Aparentemente o cenário em que o filme se passa não é tão suportável quanto vamos descobrindo no decorrer da trama. Perfeitamente reconstruído e trabalhado minuciosamente, a Igreja da década de 60 parece mais amarga do que lemos em livros de história. Construindo um universo pavoroso e praticamente inabalável, o diretor-roteirista Peter Mullan mostra sua verdadeira competência ao montar um filme simplesmente angustiante, envolvente e ousado. O roteiro sutilmente composto pelo menor número de clichês possíveis foi desenvolvido para ser aplaudido de pé. A forma como foi escolhida para demonstrar os dramas particulares de cada uma das três protagonistas ganhou um certo ar de independência, já que foi exposto nos primeiros minutos da trama de forma única, dando a entender que seus destinos estariam traçados, mas diferentemente do que poderia parecer óbvio, as três não necessariamente teriam uma relação de cumplicidade dentro do convento que seriam colocadas, mas, sim, tinham como destino compartilhar todos aqueles momentos sádicos que enfrentariam. Escolhidas para pagar seus pecados cumprindo trabalhos internos no convento, as meninas dariam de cara com um sistema praticamente escravo, onde suas opiniões e anseios não valeriam nada. Como uma delas fala em determinado momento, bastava que elas cumprissem o que as freiras mandavam, mas para fazer isso elas teriam que lutar contra os maus-tratos e as rígidas normas de uma Igreja hipócrita que parecia ser comandada por nenhum Deus.

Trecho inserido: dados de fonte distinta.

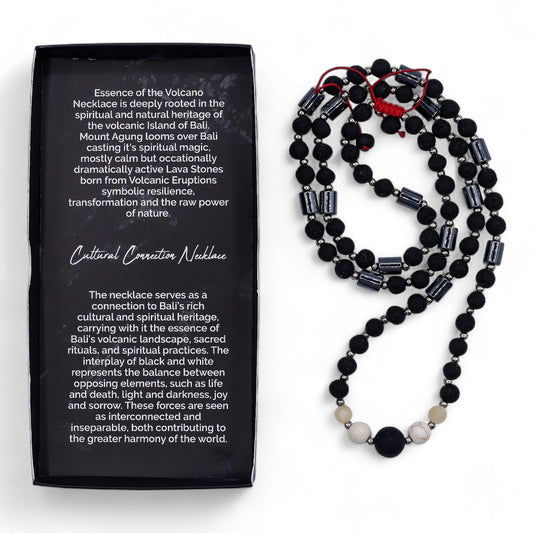 Collar de la Esencia del Volcán - Conexión Cultural
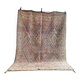 Moroccan Berber rug in wool, Morocco, 1990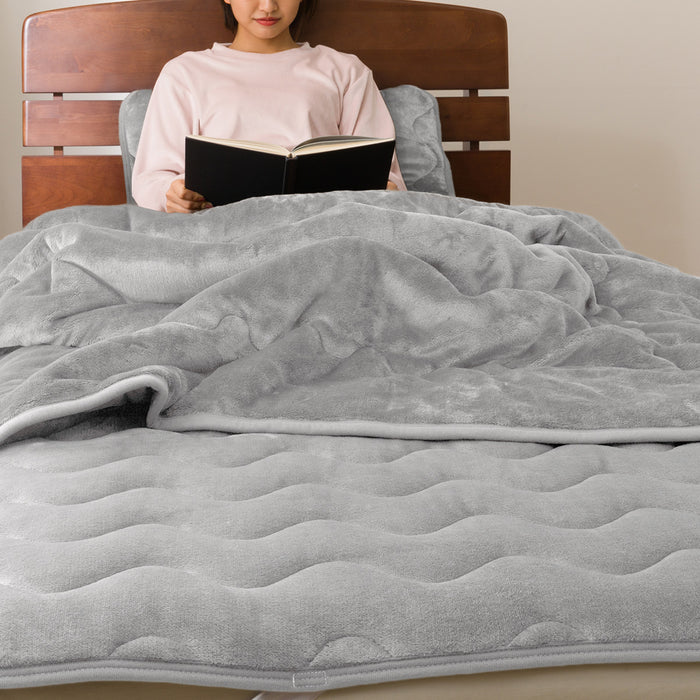 니토리 N-SP웜 고정형 리버시블 침대패드 (SD)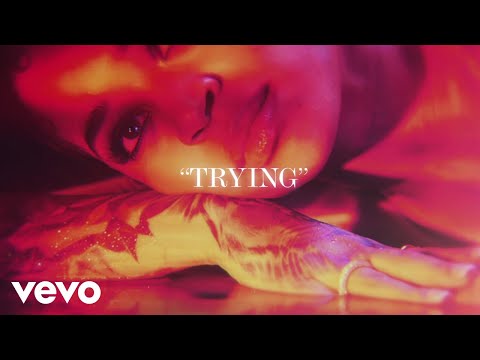 Ella Mai - Trying (Official Lyric Video)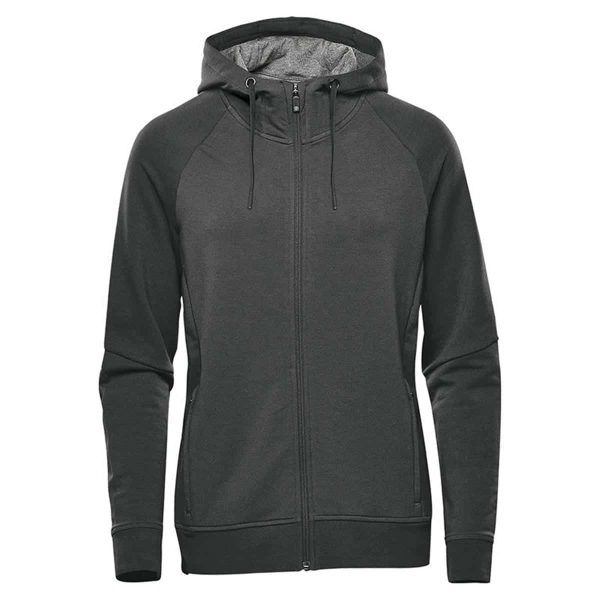 Women's Dockyard Performance Full Zip Hoody - Image 3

A ousadia de Mullan em denunciar o sistema 'escravocrata' adotado pelo convento foi um verdadeiro jogo de crítica e ironia. Sempre atolado de antíteses e questionamentos pessoais e em conjunto sobre Deus e seus ensinamentos, o roteirista acerta em construir um arsenal de golpes que o público vai sentindo e se desgastando juntamente com as personagens. Praticamente inacreditável, a frieza das irmãs ao humilhar as garotas e convencê-las de que suas vaidades não valiam nada é desprezível e embrulha nosso estômago. Talvez isso ocorra mais ainda por vermos os símbolos sagrados sempre presentes e aquelas irmãs desmerecedoras de vestirem seus hábitos. Mullan consegue ligar pontos essenciais para o bom andamento da trama e faz de sua narrativa uma arma de crítica social e ao mesmo tempo tenta transportar o público a um universo nojento que vai causando emoções e sensações diferentes a cada novo passo que é dado no enredo. O cotidiano das moças parece não ter fim e isso não cansa o espectador, mas causa uma frustração de vê-las metidas em um mundo que é mais pecaminoso do que qualquer pecado que elas poderiam cometer. Quando as três protagonistas são transferidas para o convento e conhecem as normas, a ânsia em voltarem a ser livres só faz crescer, tanto por uma condição de ambientação como por uma condição de sobrevivência. Elas viam ao seu redor mulheres praticamente idosas cumprindo os mesmos deveres que foram comandados a cumprir e se viam eternamente naquele posto e, jovens e bonitas como eram, não queriam aquele destino para si.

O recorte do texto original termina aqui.